• Your goal: Without the pictures, output the records below exactly as they are.

• Records shown:
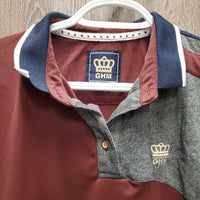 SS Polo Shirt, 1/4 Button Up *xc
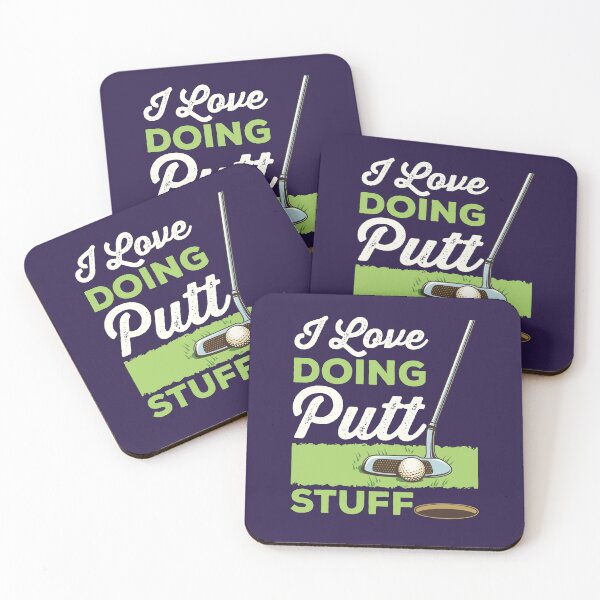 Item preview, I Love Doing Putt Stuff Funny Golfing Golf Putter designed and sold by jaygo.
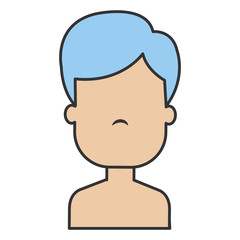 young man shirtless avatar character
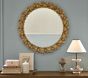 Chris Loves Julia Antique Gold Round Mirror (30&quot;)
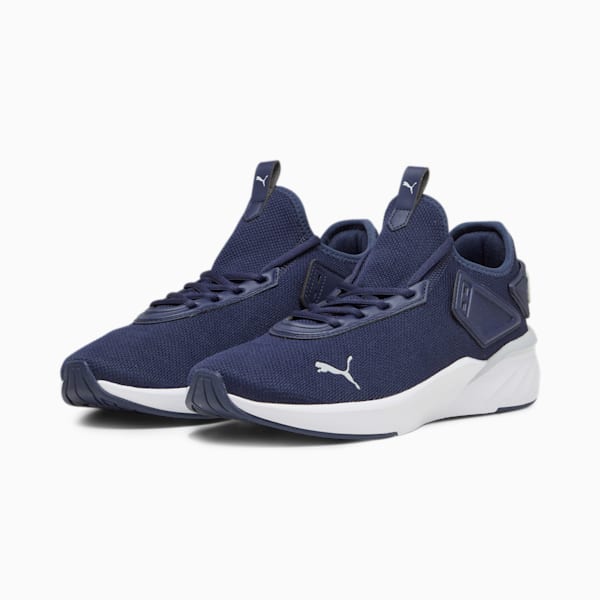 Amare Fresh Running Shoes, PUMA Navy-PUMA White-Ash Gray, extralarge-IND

• Reply:
 SS Polo Shirt, 1/4 Button Up *xc
 Item preview, I Love Doing Putt Stuff Funny Golfing Golf Putter designed and sold by jaygo.
 young man shirtless avatar character
 Chris Loves Julia Antique Gold Round Mirror (30&quot;)
 Amare Fresh Running Shoes, PUMA Navy-PUMA White-Ash Gray, extralarge-IND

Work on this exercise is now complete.